CVE-2026-44040
MediumCVSS 4.8Exploitation Probability (EPSS)
Low risk12th percentile — higher than 12% of all known CVEs
Summary
UltraVNC through 1.8.2.2 uses a cryptographically weak pseudo-random number generator to produce VNC authentication challenge bytes. The vncRandomBytes() function seeds libc rand() with time(0) + getpid() + rand(), resulting in a seed space of approximately 31 bits determined by publicly observable values. An attacker can predict the challenge within seconds, enabling forgery or offline brute-forcing of responses.
Risk Assessment
The organization is at risk of session hijacking by an attacker who can observe the authentication exchange and predict the challenge, leading to unauthorized remote desktop access and potential data theft.
Recommendation
Immediately upgrade UltraVNC to a version newer than 1.8.2.2 that fixes the weak generator. If an update is unavailable, restrict VNC access to trusted networks and consider using VPN tunneling.

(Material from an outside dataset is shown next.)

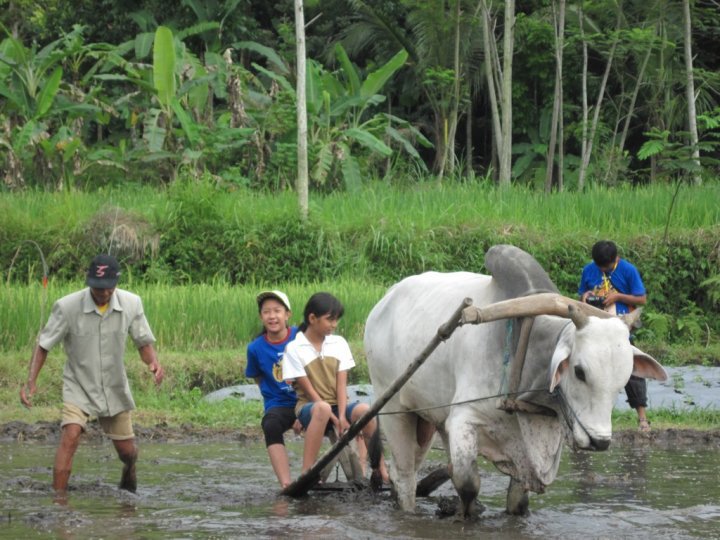 kampung gajah bandung 2015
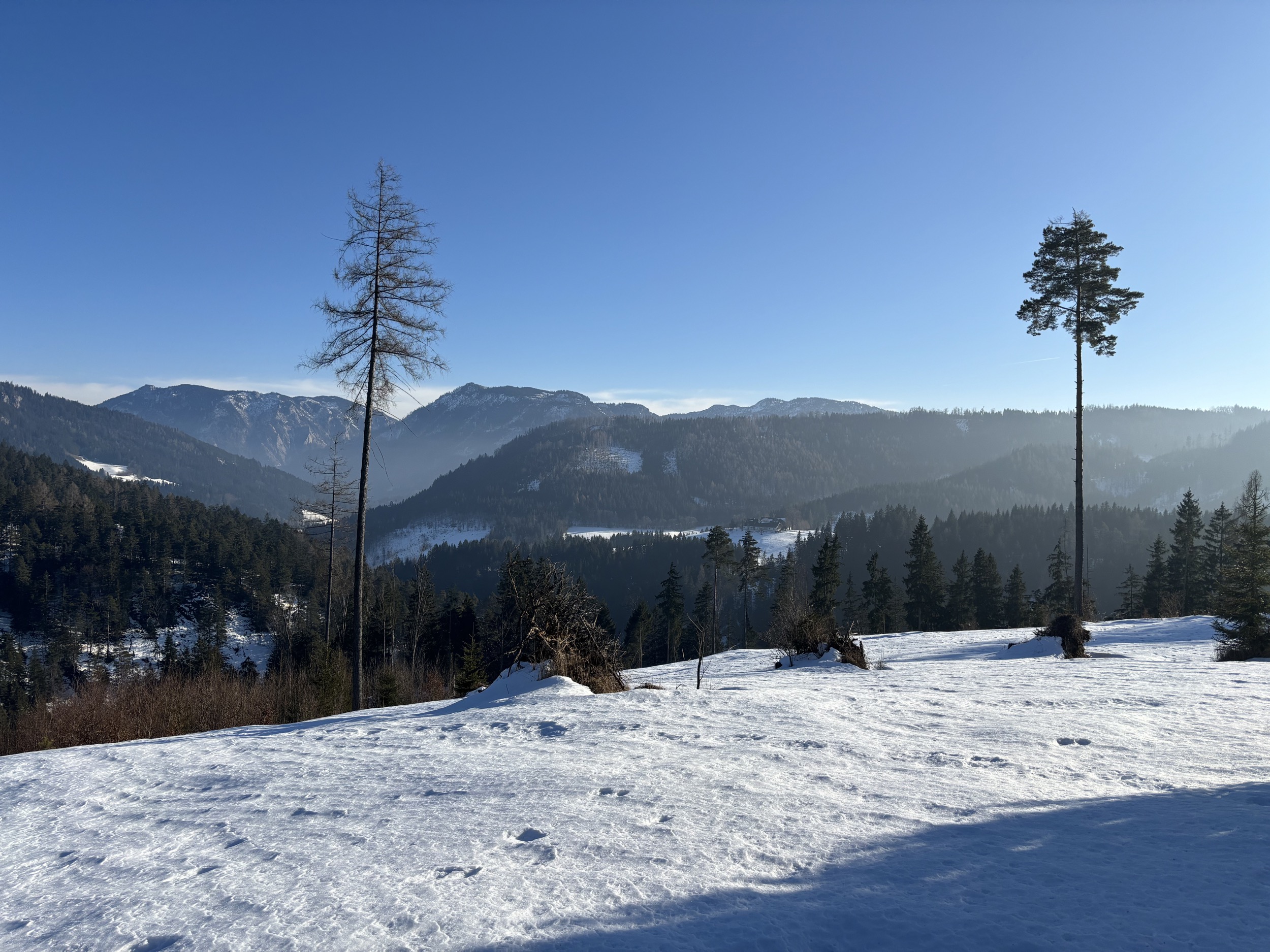 Alpines Design Chalet Amerikaner Hinterbreiteneben winter aussenansicht 14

Original NVD description (English source)
UltraVNC through 1.8.2.2 uses a cryptographically weak pseudo-random number generator to produce VNC authentication challenge bytes. In rfb/vncauth.c:119-129, the vncRandomBytes() function seeds libc rand() with time(0) + getpid() + rand() and generates a 16-byte challenge. The combined seed space is approximately 31 bits (libc rand() internal state) and is entirely determined by publicly-observable values (wall-clock time and process ID). An attacker who can observe the authentication exchange can enumerate the seed space and predict the challenge within seconds, enabling forgery or offline brute-forcing of responses. Note: on Windows, the active code path may use vncEncryptBytes2.cpp which calls CryptGenRandom; reachability on shipped Windows binaries requires compile-graph verification and is under investigation.